The data below must be returned in full and exactly.

Excerpted records:
⟨

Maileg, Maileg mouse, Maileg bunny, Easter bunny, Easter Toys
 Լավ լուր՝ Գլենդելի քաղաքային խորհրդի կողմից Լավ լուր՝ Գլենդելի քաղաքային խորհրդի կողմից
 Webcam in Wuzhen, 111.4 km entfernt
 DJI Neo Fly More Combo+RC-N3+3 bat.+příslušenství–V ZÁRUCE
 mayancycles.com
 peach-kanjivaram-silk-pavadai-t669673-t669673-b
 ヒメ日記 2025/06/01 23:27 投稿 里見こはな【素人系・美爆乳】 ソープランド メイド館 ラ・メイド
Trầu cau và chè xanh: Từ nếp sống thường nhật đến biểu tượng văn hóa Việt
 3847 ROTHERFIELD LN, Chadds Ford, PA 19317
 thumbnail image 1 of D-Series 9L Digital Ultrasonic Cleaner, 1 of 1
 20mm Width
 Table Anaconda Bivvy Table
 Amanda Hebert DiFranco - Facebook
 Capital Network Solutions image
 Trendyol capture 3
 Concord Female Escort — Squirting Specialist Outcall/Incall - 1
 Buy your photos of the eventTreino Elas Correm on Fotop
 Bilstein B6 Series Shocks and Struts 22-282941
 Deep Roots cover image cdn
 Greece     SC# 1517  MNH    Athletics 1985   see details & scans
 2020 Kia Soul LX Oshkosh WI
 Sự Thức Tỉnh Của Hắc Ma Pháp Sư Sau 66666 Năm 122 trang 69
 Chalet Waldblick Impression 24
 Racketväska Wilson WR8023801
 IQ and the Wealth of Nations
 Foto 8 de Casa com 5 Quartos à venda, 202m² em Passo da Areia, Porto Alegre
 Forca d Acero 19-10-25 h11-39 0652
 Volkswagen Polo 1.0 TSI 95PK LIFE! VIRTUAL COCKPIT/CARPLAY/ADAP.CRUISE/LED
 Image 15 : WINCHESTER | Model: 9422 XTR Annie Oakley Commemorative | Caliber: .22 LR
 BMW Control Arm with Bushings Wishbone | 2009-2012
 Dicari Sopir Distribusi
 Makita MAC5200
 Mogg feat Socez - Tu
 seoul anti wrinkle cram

⟩

Task answer:
Maileg, Maileg mouse, Maileg bunny, Easter bunny, Easter Toys
 Լավ լուր՝ Գլենդելի քաղաքային խորհրդի կողմից Լավ լուր՝ Գլենդելի քաղաքային խորհրդի կողմից
 Webcam in Wuzhen, 111.4 km entfernt
 DJI Neo Fly More Combo+RC-N3+3 bat.+příslušenství–V ZÁRUCE
 mayancycles.com
 peach-kanjivaram-silk-pavadai-t669673-t669673-b
 ヒメ日記 2025/06/01 23:27 投稿 里見こはな【素人系・美爆乳】 ソープランド メイド館 ラ・メイド
Trầu cau và chè xanh: Từ nếp sống thường nhật đến biểu tượng văn hóa Việt
 3847 ROTHERFIELD LN, Chadds Ford, PA 19317
 thumbnail image 1 of D-Series 9L Digital Ultrasonic Cleaner, 1 of 1
 20mm Width
 Table Anaconda Bivvy Table
 Amanda Hebert DiFranco - Facebook
 Capital Network Solutions image
 Trendyol capture 3
 Concord Female Escort — Squirting Specialist Outcall/Incall - 1
 Buy your photos of the eventTreino Elas Correm on Fotop
 Bilstein B6 Series Shocks and Struts 22-282941
 Deep Roots cover image cdn
 Greece     SC# 1517  MNH    Athletics 1985   see details & scans
 2020 Kia Soul LX Oshkosh WI
 Sự Thức Tỉnh Của Hắc Ma Pháp Sư Sau 66666 Năm 122 trang 69
 Chalet Waldblick Impression 24
 Racketväska Wilson WR8023801
 IQ and the Wealth of Nations
 Foto 8 de Casa com 5 Quartos à venda, 202m² em Passo da Areia, Porto Alegre
 Forca d Acero 19-10-25 h11-39 0652
 Volkswagen Polo 1.0 TSI 95PK LIFE! VIRTUAL COCKPIT/CARPLAY/ADAP.CRUISE/LED
 Image 15 : WINCHESTER | Model: 9422 XTR Annie Oakley Commemorative | Caliber: .22 LR
 BMW Control Arm with Bushings Wishbone | 2009-2012
 Dicari Sopir Distribusi
 Makita MAC5200
 Mogg feat Socez - Tu
 seoul anti wrinkle cram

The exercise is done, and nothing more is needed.